Almost thirty attorneys and judges joined a discussion with former Maryland and District of Columbia Attorneys General, Brian Frosh and Robert Spagnoletti, about the wide-ranging issues faced by an Attorney General (AG), and the differences between their jurisdictions. The two former AGs spoke at the Maryland State Bar Association’s professional excursion in Puerto Rico on Wednesday. Frosh served Maryland from 2015 to 2023, and Spagnoletti served the District of Columbia from 2003 to 2006.

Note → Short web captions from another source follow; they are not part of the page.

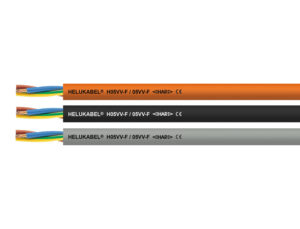 Кабель управления H05VV-F 4G1.5 мм² белый HELUKABEL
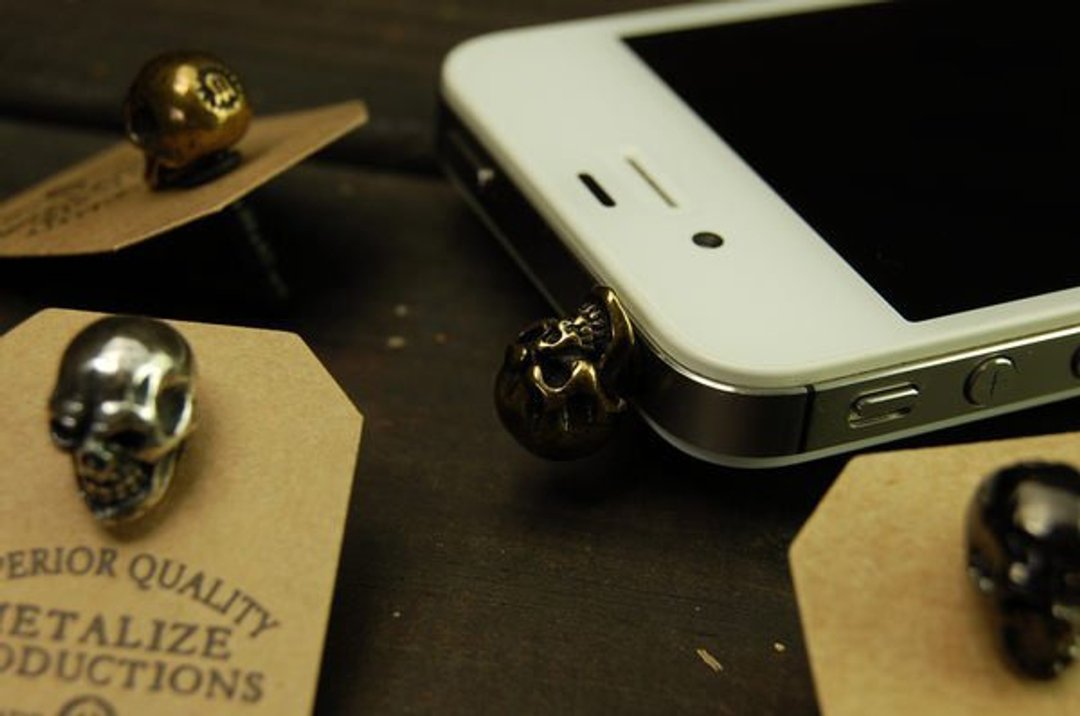 F.T.W Skull Pierce for Smart Phone F.T.W骷髅耳机塞 - 其他 - 其他金属 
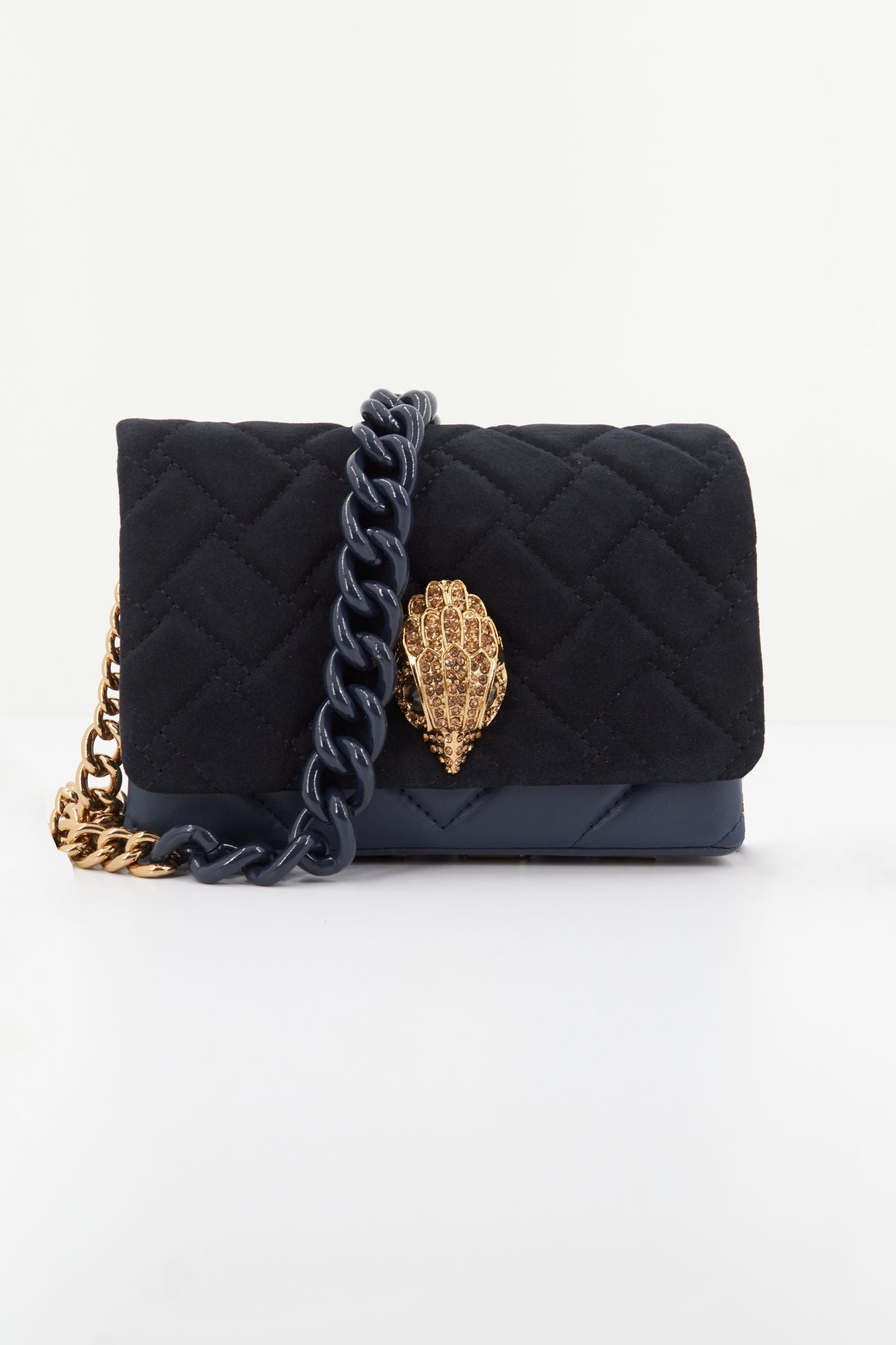 KURT GEIGER LONDON MINI KENSINGTON KUR en color AZUL (1)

Opening with an overview of the differences between the two AG offices, Spagnoletti pointed out that nothing happens in the District’s AG office without considering the relationship with the federal government because the AG’s office is funded through the Congressional appropriations process, and shares representation of the city in many areas such as the prosecution of crimes with federal law enforcement. Further, the District’s AG is appointed by the mayor and approved by the District Council, whereas the Maryland AG is elected by statewide vote. Frosh commented that the Maryland AG is the only AG in the country that doesn’t have common law power, meaning that the office cannot bring actions based solely in common law and has to seek legislative or gubernatorial approval to do so.

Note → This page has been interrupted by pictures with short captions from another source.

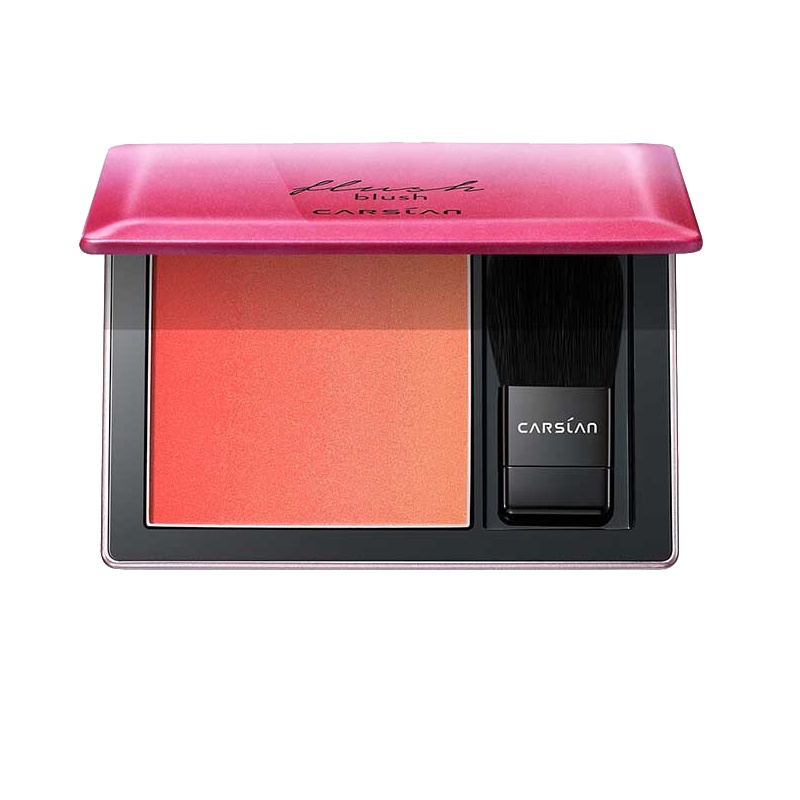 卡姿兰CARSLAN 微醺渐醉腮红 02#粉红佳人(细腻粉质 渐变自然)
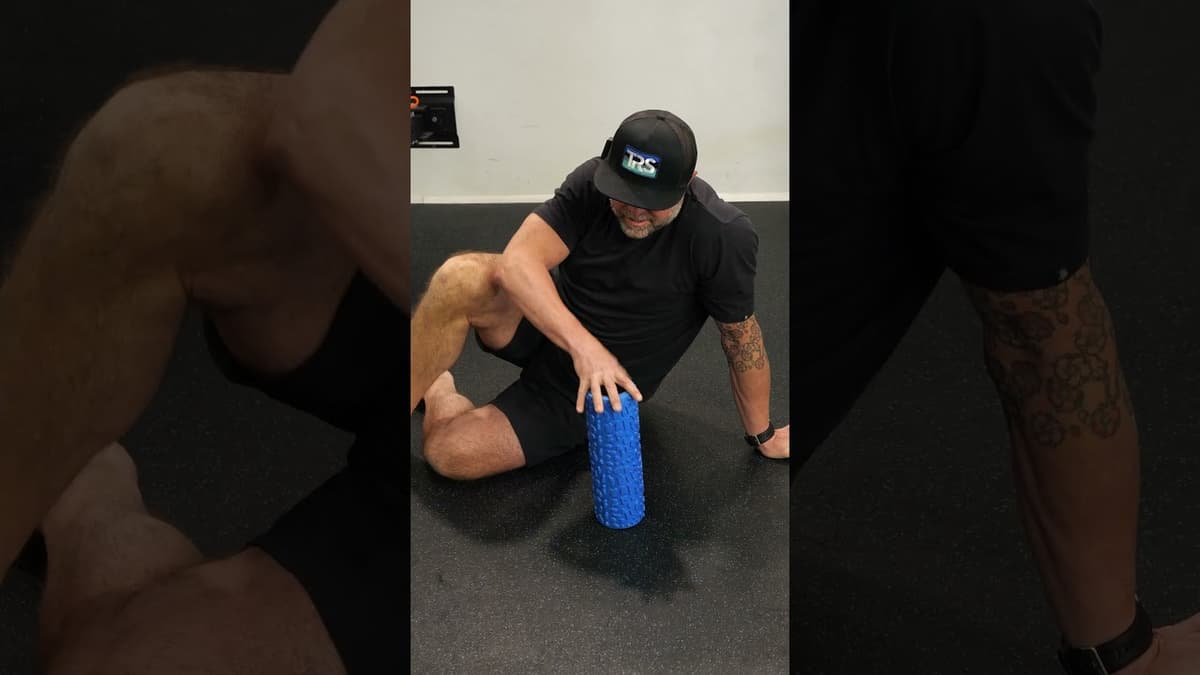 Anterior Shin Release for Better Ankle Mobility, Foot Function & Knee Comfort (3–5 Min)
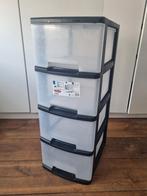Curver Babel Ladesysteem Hoog - A4 papier - 4x10l , Doe-het-zelf en Verbouw, Kratten en Dozen, Ophalen, Zo goed als nieuw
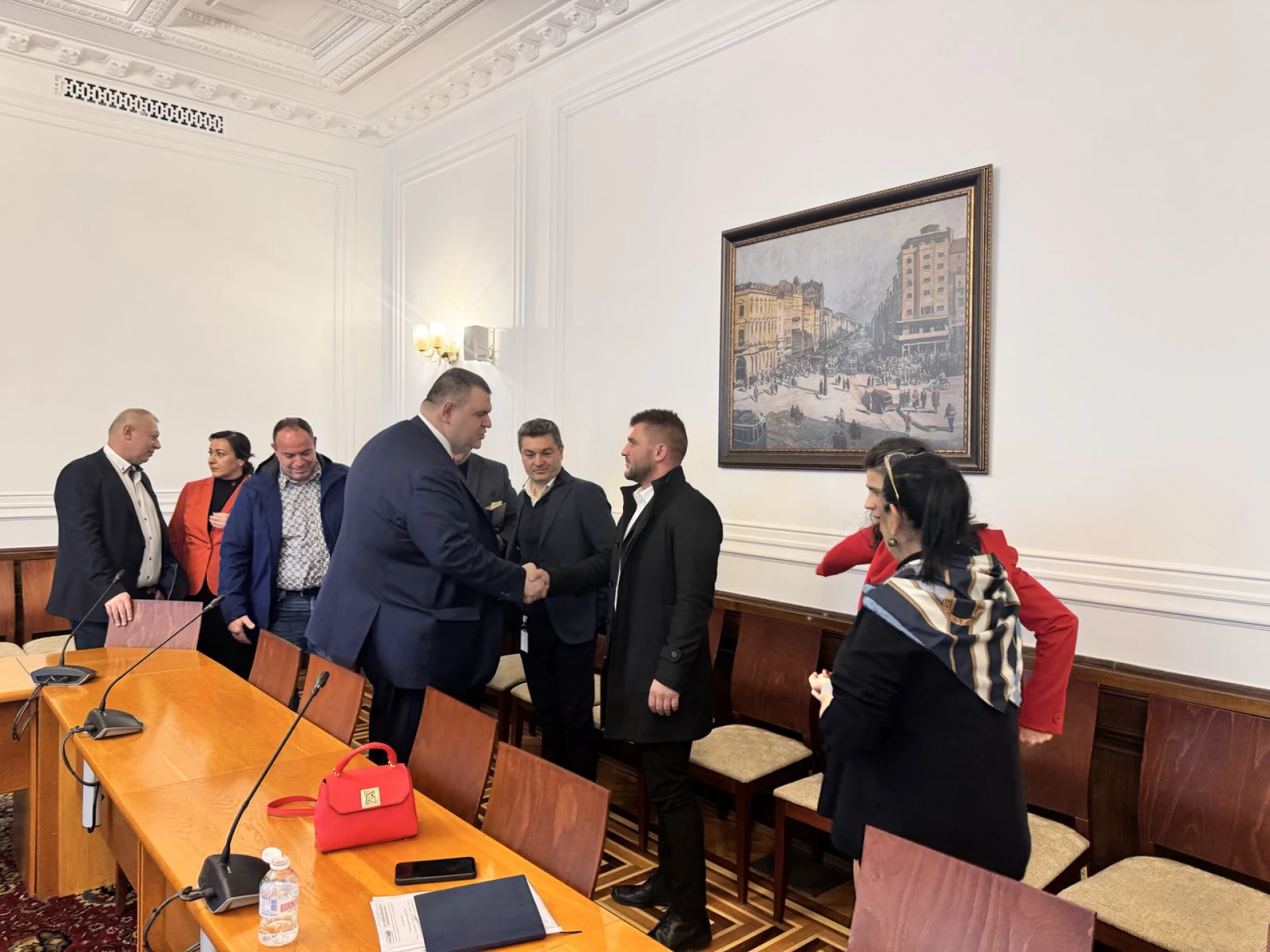 Делян Пеевски се ангажира с подкрепа за политики в сектор “Земеделие”, предлагани от Българската аграрна камара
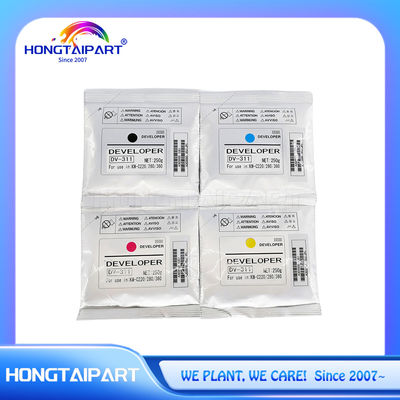 A1UC500 A303500 A1UC550 پودر توسعه دهنده برای Konica Minolta C215 C220 C221 C281 C2158 C280 C360 DV-116 DV-411 DV-311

In representing the interests of their jurisdictions and their residents, both former AGs stressed that their staff attorneys handled an amazing variety of issues – everything from bond issues to zoning, to real estate, family law, consumer protection law, commercial law, and more. Spagnoletti cited as an example that of the 750 employees in the DC AG’s office, 200 work on child support issues, which many people don’t realize is handled by the AG’s office. Frosh explained that being AG is essentially being “the people’s lawyer” and is a position that can be effective in helping those citizens who aren’t in a position to defend or help themselves against predatory practices.

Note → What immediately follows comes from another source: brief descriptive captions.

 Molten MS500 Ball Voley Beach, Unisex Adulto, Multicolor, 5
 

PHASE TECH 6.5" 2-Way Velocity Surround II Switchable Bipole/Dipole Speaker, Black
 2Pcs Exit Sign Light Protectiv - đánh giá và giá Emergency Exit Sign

A lively question and answer session began with a question to Frosh about what an AG can do to reduce gun violence in Maryland, particularly in Baltimore City. Frosh stated that when he was AG, he established an organized crime unit of eight attorneys who focused strategically on gun crimes in Baltimore City that were seemingly random, but upon deeper investigation, were often tied to drug or human trafficking. As a result, they obtained more than 400 convictions of organized crime members. Further, Frosh pointed to legislation he supported that passed in 2022 banning the sale or transfer of “ghost guns” without a serial number in Maryland, which have been increasingly the weapon of choice in gun crimes in Baltimore.
A question about the difference between an advice letter and an opinion letter from the AG’s office revealed similarities between the two jurisdictions. Both panelists shared that an advice letter is just that – a letter regarding an issue that is researched and provided by the AG’s office upon request. It doesn’t carry any legal precedent or evidentiary value – it is primarily informational. An opinion letter in either jurisdiction has been researched thoroughly over an extended period of time and is expected to be persuasive in court. Indeed, Spagnoletti observed that an AG’s opinion letter is the law until a court says otherwise.
Asked about how the decision is made to hire outside counsel, both former AGs advised that the need for outside counsel is common and could come about due to a lack of internal resources or a conflict of interest between the department and the opposing party. Both agreed that large actions such as the opioid settlement with AGs across the nation, often required assistance from outside firms due to the sheer number of attorneys needed to focus on one case that couldn’t be pulled from the daily representation of the State or District. Each office has a solicitation and procurement process that is utilized to vet and hire outside counsel.
Finally, it was noted that the MSBA and the MD Attorney General’s office had a strong relationship that was solidified during the pandemic with the creation of the Access to Justice Task Force, and former AG Spagnoletti was asked if a similar bond existed in the District, now that he was the executive director of the DC Bar. Spagnoletti emphasized that his Bar had a very strong relationship with the D.C. AG’s office and its focus on civil justice. As an example, he cited the fact that more than twenty thousand people in the District had received pro bono legal representation through his Bar’s membership, and mostly from D.C. and federal government attorney members. Frosh closed the hour-long conversation with a thank you to the Maryland bar for its partnership and support in helping the citizens of Maryland access the critical civil legal assistance they needed during his tenure.